When choosing flies for white bass, just remember that they eat minnows almost exclusively, which calls for streamer patterns. Clousers and Blondes have served me well. Also, two-tone marabou streamers have produced a lot of fish. I believe a prerequisite is some kind of flash-tail pattern with side flash to help catch the whites’ attention. As for the surface, almost any small popper should work, but Crease Flies and Gurglers are easy choices for me. I also believe that having flies in a variety of colors is a requirement, because white bass will show a color preference from one day to the next. Yellow, bright green, olive, chartreuse, blue, and hot pink are proven colors.

The only additional advice I can offer for flies is that when fishing the river, go small. By small, I mean flies in size 6 to 10, whereas in the lake, I use flies tied on size 1 and 2 hooks. For reasons known only to them, whites usually shy away from larger flies in the crystal-clear waters of the river. Imagine — a fish with numbers in the thousands, a schooling fish, usually a willing biter and whose fight when hooked is strong and far exceeds what you would expect from a species its size. White bass are a strikingly beautiful fish that act like pay-per-view cage brawlers once hooked. Give them a try!               


If You Go…

Lake Nacimiento is located a short drive off Highway 101. If traveling south on 101 from the Bay Area, take exit 252, Jolon Road. Turn right onto G18, then almost immediately left onto G-19. Nacimiento Lake is 12 miles farther on G-19. If traveling north on Highway 101 from the Los Angeles region, take the exit into Paso Robles, than G-14 for 17 miles to Lake Nacimiento. Distances to Nacimiento from major cities are 210 miles from San Francisco, 225 miles from Los Angeles, and 130 miles from Fresno.

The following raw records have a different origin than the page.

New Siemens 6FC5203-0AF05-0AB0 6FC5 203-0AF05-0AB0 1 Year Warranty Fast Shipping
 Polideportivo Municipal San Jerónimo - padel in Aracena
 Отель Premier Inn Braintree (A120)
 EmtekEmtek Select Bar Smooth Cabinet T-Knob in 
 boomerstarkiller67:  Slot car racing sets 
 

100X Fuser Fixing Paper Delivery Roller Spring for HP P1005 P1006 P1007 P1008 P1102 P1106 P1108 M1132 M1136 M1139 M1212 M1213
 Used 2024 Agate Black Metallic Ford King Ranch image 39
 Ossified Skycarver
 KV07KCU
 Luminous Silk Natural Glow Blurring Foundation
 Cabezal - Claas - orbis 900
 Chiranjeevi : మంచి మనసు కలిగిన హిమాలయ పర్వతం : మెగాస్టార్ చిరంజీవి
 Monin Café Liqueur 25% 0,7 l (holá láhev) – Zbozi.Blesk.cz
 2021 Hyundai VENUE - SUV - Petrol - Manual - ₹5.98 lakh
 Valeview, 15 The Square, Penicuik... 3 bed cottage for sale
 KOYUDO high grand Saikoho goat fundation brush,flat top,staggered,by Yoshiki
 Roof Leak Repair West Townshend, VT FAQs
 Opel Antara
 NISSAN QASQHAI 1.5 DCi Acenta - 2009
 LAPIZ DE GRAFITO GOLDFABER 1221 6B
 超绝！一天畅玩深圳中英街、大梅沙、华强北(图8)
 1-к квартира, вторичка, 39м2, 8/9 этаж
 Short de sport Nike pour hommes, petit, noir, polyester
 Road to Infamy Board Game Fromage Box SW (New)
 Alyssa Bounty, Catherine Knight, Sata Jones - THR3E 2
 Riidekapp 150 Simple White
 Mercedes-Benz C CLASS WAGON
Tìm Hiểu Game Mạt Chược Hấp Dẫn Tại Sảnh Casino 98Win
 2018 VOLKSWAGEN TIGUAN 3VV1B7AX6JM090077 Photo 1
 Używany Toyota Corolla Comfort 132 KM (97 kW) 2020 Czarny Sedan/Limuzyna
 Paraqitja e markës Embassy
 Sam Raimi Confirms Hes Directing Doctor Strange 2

Fly fishers planning on more than a one-day stay should contact Lake Nacimiento Resort. They offer six campgrounds, as well as rental condos, trailers, and boat rentals. They can be contacted at (800) 323-3839 and www.nacimientoresort.com.

If you plan on keeping white bass to eat, be aware that they must be killed immediately upon being landed. The Department of Fish and Game does not want whites taken from Nacimiento alive. There is no limit for white bass, and they are delicious on the table. The DFG does issue a health warning, however, saying the whites contain high levels of mercury and could be hazardous to a person’s health.